The business combination is subject to approval by the shareholders of both companies, the Court of Queen's Bench of Alberta and certain regulatory and other authorities, and is subject to the satisfaction or waiver of other customary closing conditions. A joint information circular containing information relevant to the Transaction was filed on July 20, 2018. Each company will hold a special meeting of shareholders on August 21, 2018. The shareholders of Raging River will be asked to approve the plan of arrangement.
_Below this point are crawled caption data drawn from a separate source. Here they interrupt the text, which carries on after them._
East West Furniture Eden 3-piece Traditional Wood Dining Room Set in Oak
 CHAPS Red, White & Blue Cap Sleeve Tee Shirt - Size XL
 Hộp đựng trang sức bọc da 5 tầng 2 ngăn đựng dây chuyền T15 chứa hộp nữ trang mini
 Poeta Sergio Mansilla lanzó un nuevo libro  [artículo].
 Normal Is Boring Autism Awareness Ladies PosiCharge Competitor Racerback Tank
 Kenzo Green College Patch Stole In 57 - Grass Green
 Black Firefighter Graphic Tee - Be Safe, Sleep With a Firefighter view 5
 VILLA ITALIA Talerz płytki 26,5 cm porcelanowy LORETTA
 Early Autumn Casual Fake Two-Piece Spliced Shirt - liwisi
The shareholders of Baytex will be asked to approve the issuance of common shares of Baytex pursuant to the plan of arrangement. The Transaction is anticipated to close on August 22, 2018. The Arrangement Agreement provides for a mutual non-completion fee of $50 million in the event the Transaction is not completed or is terminated by either party in certain circumstances.